Visual object tracking has been transformed by foundation models. SAM 2, SAMURAI, EfficientTAM: these models are accurate, robust, and generalize to objects they’ve never seen. They are also unusably slow for real-time applications. Not because the math is expensive, but because the research code is bound by Python dispatch overhead and memory synchronization.

I’m building a real-time visual tracking system for autonomous drone cinematography. The model needs to run at 30+ FPS on consumer hardware. This series documents the engineering that took the full tracking pipeline on an RTX 4090 from ~20 FPS (stock SAMURAI, PyTorch, SAM 2 at full resolution) to 97 FPS (optimized ONNX Runtime with TensorRT). Same GPU, same tracking task, 5x gain from engineering alone.

Part 1 covers the foundation: understanding the model architecture, profiling where time actually goes, and exporting everything to ONNX. It sounds straightforward. It wasn’t.

The model family

Before diving into optimization, it’s worth understanding what we’re working with. These three models form a lineage:

SAM 2 (Meta, 2024) is a prompted video segmentation model. You give it a bounding box or point on frame 0, and it tracks that object through the entire video. The architecture is a 4-module recurrent pipeline:

graph LR
    A([Frame N]) --> B[Image Encoder]
    B --> C[Memory Attention]
    D[(Memory Bank)] --> C
    C --> E[Mask Decoder]
    F([Prompt]) --> E
    E --> G([Mask])
    G --> H[Memory Encoder]
    B --> H
    H --> D

Each frame runs all four modules in sequence. The image encoder (a Hiera-Tiny vision transformer, ~39M params) extracts features. Memory attention cross-attends to all previously encoded frames; this is where the model “remembers” what the object looks like. The mask decoder produces the segmentation mask, and the memory encoder stores the current frame’s representation for future use.

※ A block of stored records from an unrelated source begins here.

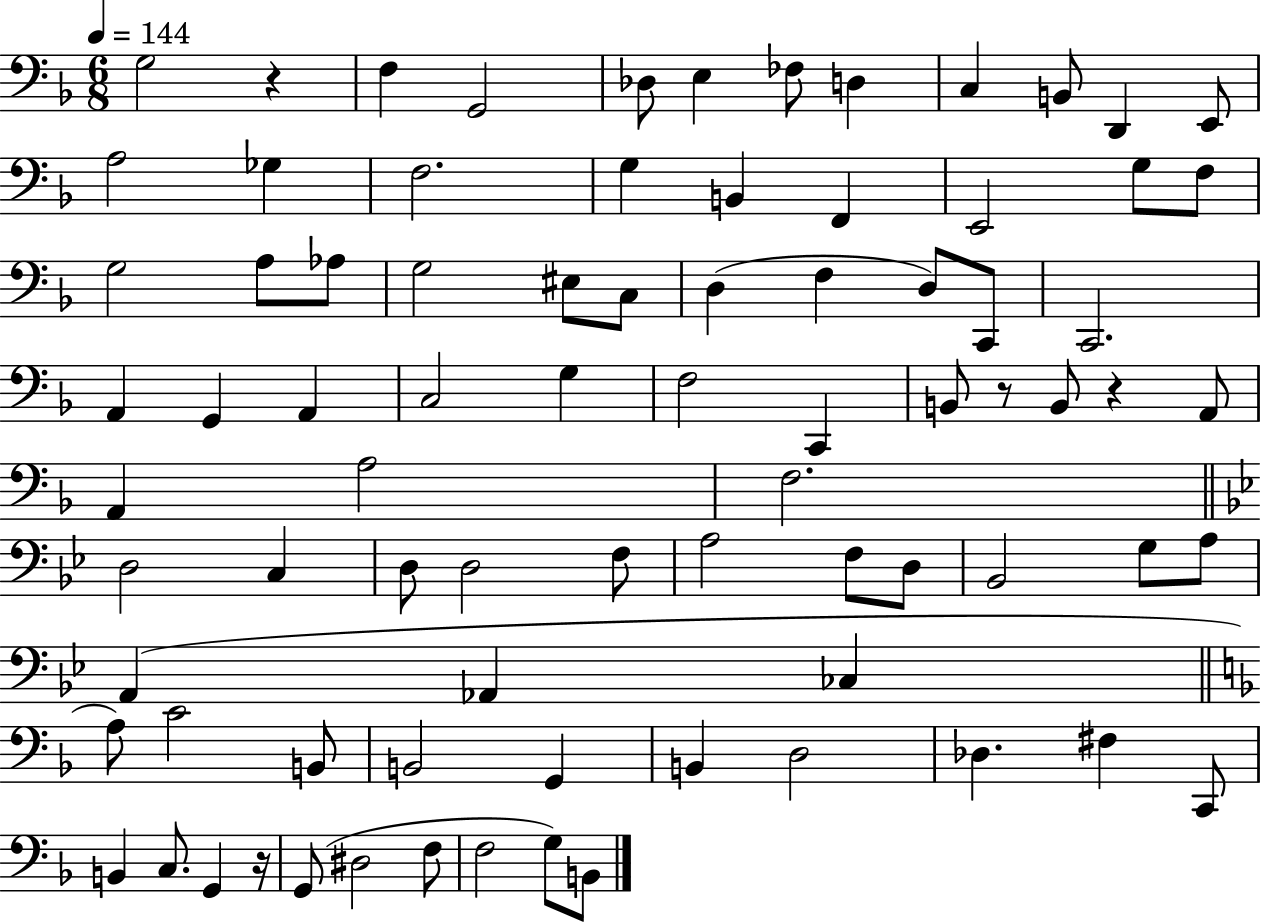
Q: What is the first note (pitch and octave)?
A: G3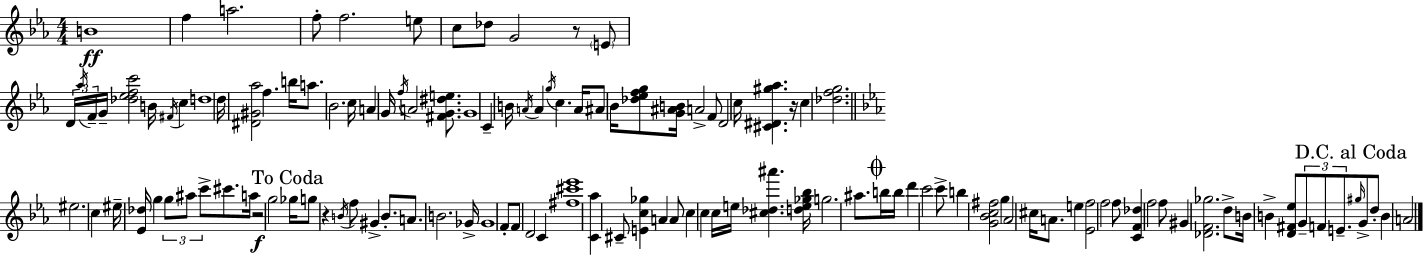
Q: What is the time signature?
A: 4/4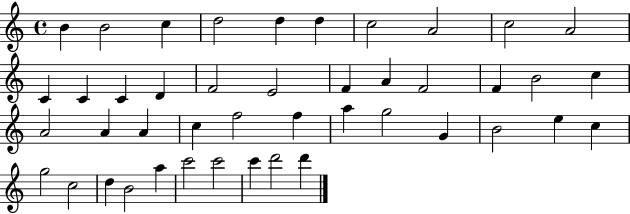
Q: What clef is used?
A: treble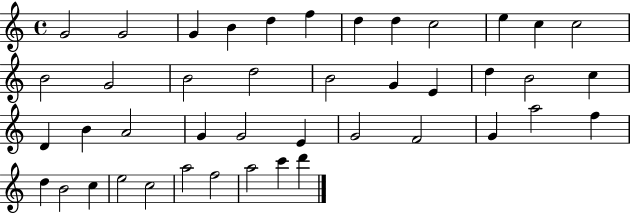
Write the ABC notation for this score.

X:1
T:Untitled
M:4/4
L:1/4
K:C
G2 G2 G B d f d d c2 e c c2 B2 G2 B2 d2 B2 G E d B2 c D B A2 G G2 E G2 F2 G a2 f d B2 c e2 c2 a2 f2 a2 c' d'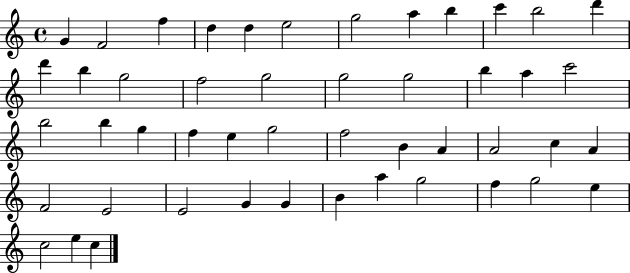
G4/q F4/h F5/q D5/q D5/q E5/h G5/h A5/q B5/q C6/q B5/h D6/q D6/q B5/q G5/h F5/h G5/h G5/h G5/h B5/q A5/q C6/h B5/h B5/q G5/q F5/q E5/q G5/h F5/h B4/q A4/q A4/h C5/q A4/q F4/h E4/h E4/h G4/q G4/q B4/q A5/q G5/h F5/q G5/h E5/q C5/h E5/q C5/q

SAMURAI (Yang et al., 2024) wraps SAM 2 with a Kalman filter that predicts subject motion and selects which past memory frames to attend to. The core model is identical; SAMURAI is a scheduler for SAM 2’s memory bank. It improves tracking robustness without changing the inference cost.

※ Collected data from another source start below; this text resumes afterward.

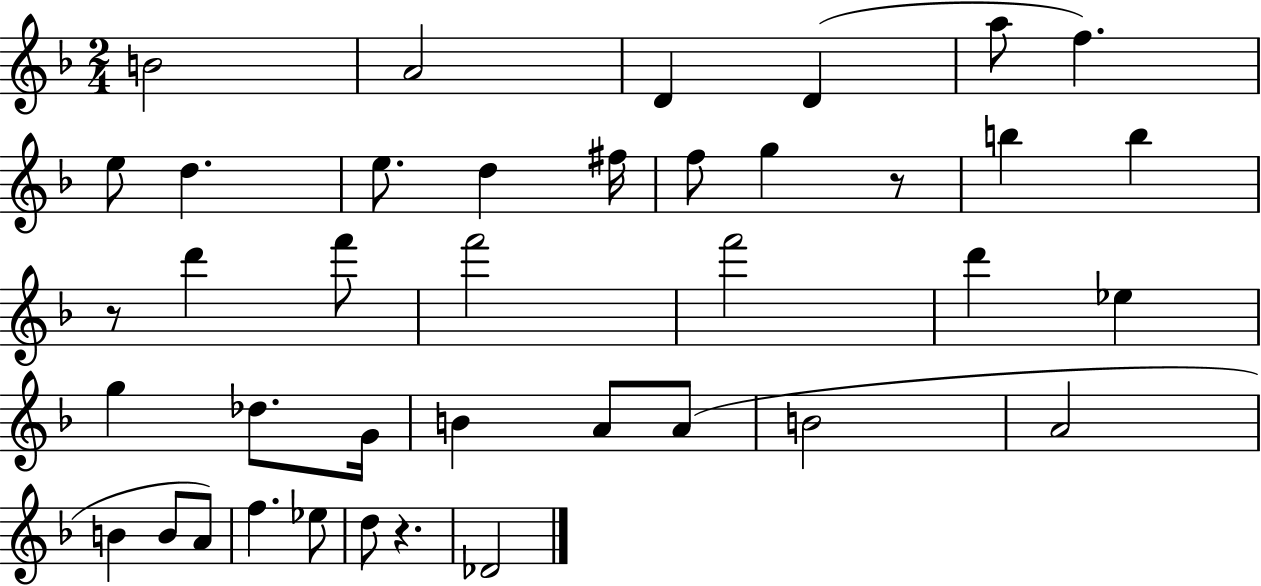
X:1
T:Untitled
M:2/4
L:1/4
K:F
B2 A2 D D a/2 f e/2 d e/2 d ^f/4 f/2 g z/2 b b z/2 d' f'/2 f'2 f'2 d' _e g _d/2 G/4 B A/2 A/2 B2 A2 B B/2 A/2 f _e/2 d/2 z _D2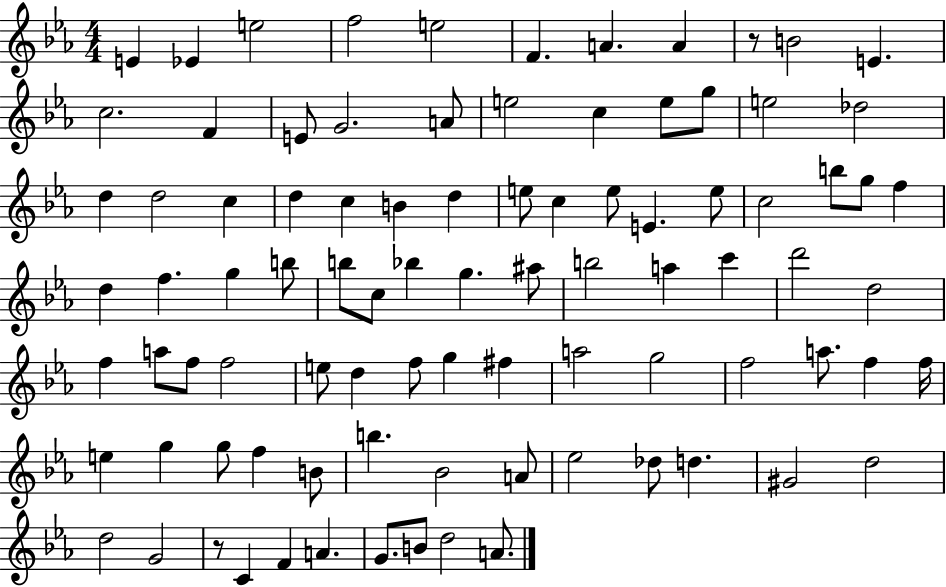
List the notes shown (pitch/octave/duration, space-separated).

EfficientTAM (2024) is a distilled SAM 2. Two key differences:

  • A ViT-Tiny image encoder (~18M params vs Hiera’s ~39M)
  • 2×2 average-pooled memory keys/values in cross-attention (the _2 checkpoint variants), directly targeting the dominant cost center

Same 4-module pipeline, same interface, same memory protocol. A drop-in replacement.

Why this matters for optimization: every frame runs all four modules in sequence. Speeding up one has bounded impact; you need to handle all four. And because memory attention cross-attends to a growing set of past frames, its cost scales with sequence length.

Day one: 1.35 FPS

First run of SAMURAI on Apple Silicon (M1 Pro, MPS backend): 1.35 FPS. 734 ms per frame with SAM 2.1 Hiera-Tiny at 1024×1024.

Getting there required four immediate fixes to the research code:

  1. Undocumented scipy dependency: imported but not in requirements
  2. decord: the video loader has no arm64 wheels. Dead project. Swapped for OpenCV
  3. float64 cast: one line promotes to float64, which crashes MPS (Float64 is not supported on MPS)
  4. CUDA extension fallback: custom CUDA kernels fail silently, falling back to a Python loop

This is research code in the wild: a fork of a fork, validated only on the authors’ A100 cluster. The model itself works beautifully. Everything around it is fragile.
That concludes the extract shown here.